Até mesmo em uma simples canalitíase de canal posterior que não responde às manobras de reposicionamento deve ser descartada origem central.

Outros diagnósticos diferenciais envolvem migrânea vestibular, vertigem fóbica postural e tontura postural perceptual persistente.

 

8- Degeneração da otocônia sacular

Partindo do modelo do deslocamento de debris otolíticos a partir do utrículo para os canais semicirculares, esta teoria consiste na degeneração de otocônias do sáculo que migram para a cóclea por meio do ducto endolinfático que desemboca no ducto reuniens.

A concentração de cálcio na endolinfa da cóclea é muito baixa e esta migração provocaria lesão coclear aguda ou crônica.

Outra teoria é que a degeneração sacular ocorre antes da utricular e a migração de debris para a cóclea provocaria uma obstrução do ducto reuniens e, consequentemente, hidropsia endolinfática.

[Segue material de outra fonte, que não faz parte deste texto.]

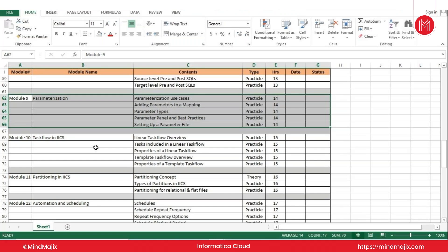As part of this module, we are going to do three demonstrations. The first demonstration is to create a parameterized mapping using maximum parameters like source, target, and expressions, and then run that mapping to initialize the parameters at runtime. The second demonstration is creating a parameterized mapping and a mapping task on top of it, where we initialize those parameters in the mapping task — we'll create a Mapping Configuration Task (MCT) and initialize those values.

A degeneração sáculo-utricular também pode ser considerada para explicar a presbiacusia.

 

Referências

  1.  Büki B, Simon L, Garab S, Lundberg YW, Jünger H, Straumann D. Sitting-up vertigo and trunk retropulsion in patients with benign positional vertigo but without positional nystagmus. J Neurol Neurosurg Psychiatry. 2011 Jan;82(1):98-104.
  2.  http://borgesdecarvalhootorrinos.com.br/
  3.  Korres S, Riga MG, Xenellis J, et al. Treatment of the horizontal semicircular canal canalithiasis: pros and cons of the repositioning maneuvers in a clinical study and critical review of the literature. Otol Neurotol. 2011;32(8):1302-1308.
  4.  Fife TD, von Brevern M. Benign paroxysmal positional vertigo in the acute care setting. Neurol Clin 33, 2015, 601-617.
  5. Lempert T, Tiel-Wilck K. A positional maneuver for treatment of horizontal-canal benign positional vertigo. Laryngoscope. 1996 Apr;106(4):476-8.
  6.  Fife TD, Iverson DJ, Lempert T, Furman JM, Baloh RW, Tusa RJ, Hain TC, Herdman S, Morrow MJ, Gronseth GS; Quality Standards Subcommittee, American Academy of Neurology. Practice parameter: therapies for benign paroxysmal positional vertigo (an evidence-based review): report of the Quality Standards Subcommittee of the American Academy of Neurology. Neurology. 2008 May 27;70(22):2067-74.